The Right Ground Covers
I’m often amazed at the ridiculously long lists of recommended ground covers, including all sorts of things that grow IN the ground but don’t actually cover it (any old shrub!). To prevent weeds, ground covers have to create a thick cover and then stay that way, aboveground, all year. So we’re talking evergreen, and unless your budget is big enough to plant very closely, fast-spreading.
Speaking of budgets, my adopted gardens have none, so another requirement is that the plants be free and in abundance. Also they need to be super-drought-tolerant because there’s no water source nearby.
So one of the plants I’m using is rudbeckia, a/k/a black-eyed Susans, which is native here and even our state flower. In this photo from my front garden they’re nice and thick, with bluebells popping up among them, but very rarely a new weed.
The first year after I’d planted them in the island above, people complained online – rightly – that they blocked the sign, so I’ve replaced a few with the shorter lamb’s ear, another plant that likes full sun and can handle a drought with no pampering. The remaining rudbeckias I’ll cut back a couple of times to keep low.
In this shot from last August, the lamb’s ears are surviving but the Susans are thriving, and the blooms last weeks. So cheerful.
For the shady side of the sign I’m growing ground cover comfrey, which for the life of me I can’t figure out why it’s so rarely used.
Here it is blooming under a Koreanspice viburnum right now in my back yard. It spreads quickly and is evergreen enough. (Not gorgeous in February but at least it’s aboveground and still showing some foliage.)
In googling “green mulch” I found a Maryland landscaper who’d also read the Rainer-West book and promotes green mulch as one of the services she offers as an “opportunity to substitute a flat of 32 or 50 Green Mulch plants for a cubic yard of shredded pine mulch.” Her site lists these plants as possible green mulches: heath aster, wild geranium, barren strawberry, Meehan’s mint, golden groundsel (another one of my favorites), creeping phlox, creeping raspberry, Cherokee sedge, palm sedge, blue wood sedge, wavy hair grass, purple love grass and poverty rush. Never heard of most of them.

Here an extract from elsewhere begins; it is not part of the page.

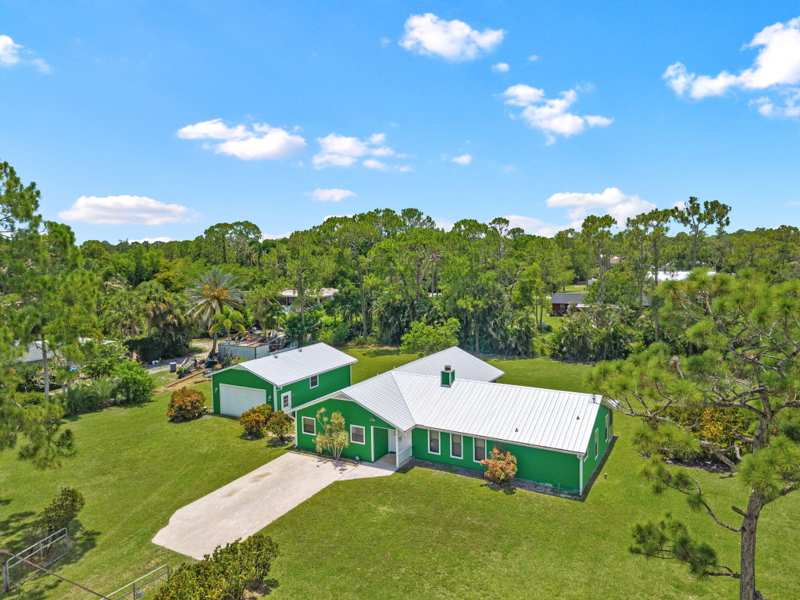 4 bedroom Single Family Residence at 13132 56th Place, Loxahatchee / The Acreage, West Palm Beach — photo 1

In the Meantime, the Right Mulch
To further reduce my labor, I’m no longer using the free leafmold mulch my town offers or buying bags of the more attractive pine fines I used to use. Instead, I’m following another gardening mentor of mine – Dr. Linda Chalker-Scott, the world’s leading proponent of wood chips as mulch. They simply last much longer and if you have access to an unlimited supply of it for free, why use anything else?
“Arborist’s wood chips” are what Linda recommends, which are a mix of all the tree parts, not uniformly chopped-up timber.
(The only caveat is that wood uses up nitrogen in the process of decomposing, so a bit of supplemental fertilizer is recommended when chips are used around hungry plants like vegetables.)
See Linda’s “Wonderful wood chips,” or click to download her fact sheet “Using Arborist Wood Chips as a Landscape Mulch.”
I’m going to suggest that my co-op switch from pine bark mulch to wood chips, saving money two ways – by not buying mulch and by using up the wood chips that we’re now paying to have hauled away. And the community might learn that wood chips look just fine as mulch.
Extra: The Right Shape
This little island looks so nice and ready for the season not just thanks to its fresh weeding and mulching. That work also revealed the island’s clear outline and nice shape. That may be what your garden needs the most, and now’s a great time to either sharpen the edge or create one for the first time.
Really nothing spruces up a landscape like clear border edges, for some primeval reason – the reaction seems to be universal. And for you pollinator gardeners, that bit of order can make otherwise wild-looking plantings in the middle look good to even the prissiest of neighbors.